[Short text fragments from websites]
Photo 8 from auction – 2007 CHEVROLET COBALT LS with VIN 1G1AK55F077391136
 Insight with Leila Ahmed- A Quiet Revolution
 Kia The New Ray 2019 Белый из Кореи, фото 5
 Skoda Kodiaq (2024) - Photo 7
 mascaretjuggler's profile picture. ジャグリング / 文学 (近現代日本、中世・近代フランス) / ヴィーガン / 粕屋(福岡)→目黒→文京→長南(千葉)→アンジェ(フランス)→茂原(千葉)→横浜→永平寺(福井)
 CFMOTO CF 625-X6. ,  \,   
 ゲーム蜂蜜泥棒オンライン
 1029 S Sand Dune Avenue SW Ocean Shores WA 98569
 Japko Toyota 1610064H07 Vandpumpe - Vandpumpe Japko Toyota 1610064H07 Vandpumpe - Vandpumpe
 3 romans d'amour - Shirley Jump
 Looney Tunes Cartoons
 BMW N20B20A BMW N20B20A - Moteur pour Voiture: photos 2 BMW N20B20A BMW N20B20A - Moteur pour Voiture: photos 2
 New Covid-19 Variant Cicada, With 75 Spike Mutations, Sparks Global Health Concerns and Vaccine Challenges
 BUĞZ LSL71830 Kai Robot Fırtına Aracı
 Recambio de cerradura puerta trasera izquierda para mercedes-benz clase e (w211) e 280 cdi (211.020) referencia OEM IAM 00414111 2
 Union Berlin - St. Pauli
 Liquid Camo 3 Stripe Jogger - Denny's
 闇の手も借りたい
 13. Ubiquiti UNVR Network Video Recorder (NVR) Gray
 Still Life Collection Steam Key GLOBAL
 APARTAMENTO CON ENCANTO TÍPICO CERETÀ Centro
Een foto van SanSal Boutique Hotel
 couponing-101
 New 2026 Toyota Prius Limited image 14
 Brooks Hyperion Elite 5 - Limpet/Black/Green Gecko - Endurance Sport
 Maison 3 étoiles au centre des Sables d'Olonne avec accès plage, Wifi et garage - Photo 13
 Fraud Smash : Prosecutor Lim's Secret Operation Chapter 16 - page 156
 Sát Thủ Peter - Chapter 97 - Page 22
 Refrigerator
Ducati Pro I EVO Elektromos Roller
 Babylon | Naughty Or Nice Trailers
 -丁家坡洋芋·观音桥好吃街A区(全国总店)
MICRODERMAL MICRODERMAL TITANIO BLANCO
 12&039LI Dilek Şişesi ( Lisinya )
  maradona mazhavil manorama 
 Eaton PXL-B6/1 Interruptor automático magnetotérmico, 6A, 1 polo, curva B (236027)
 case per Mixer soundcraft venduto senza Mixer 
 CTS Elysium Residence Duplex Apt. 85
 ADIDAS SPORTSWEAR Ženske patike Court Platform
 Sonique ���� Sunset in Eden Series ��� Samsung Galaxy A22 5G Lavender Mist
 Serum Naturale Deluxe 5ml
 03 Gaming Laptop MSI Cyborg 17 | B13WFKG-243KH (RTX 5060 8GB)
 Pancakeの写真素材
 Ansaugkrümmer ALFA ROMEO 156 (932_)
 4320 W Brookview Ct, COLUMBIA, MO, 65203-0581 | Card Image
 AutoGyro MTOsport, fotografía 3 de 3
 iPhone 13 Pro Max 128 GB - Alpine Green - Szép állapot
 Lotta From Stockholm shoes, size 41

What is expected: Scan the records for the word "Green". Copy each line where it turns up.

Output for this exercise:
 Brooks Hyperion Elite 5 - Limpet/Black/Green Gecko - Endurance Sport
 iPhone 13 Pro Max 128 GB - Alpine Green - Szép állapot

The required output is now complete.